SUPPLIED MATERIAL
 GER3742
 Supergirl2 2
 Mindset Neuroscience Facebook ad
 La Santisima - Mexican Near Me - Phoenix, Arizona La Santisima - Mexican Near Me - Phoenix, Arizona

YOUR INSTRUCTIONS
Reproduce, with no other lines, the run of lines that begins with the one containing "Supergirl2 2" and ends with the last line of the material.

RESPONSE BOX
 Supergirl2 2
 Mindset Neuroscience Facebook ad
 La Santisima - Mexican Near Me - Phoenix, Arizona La Santisima - Mexican Near Me - Phoenix, Arizona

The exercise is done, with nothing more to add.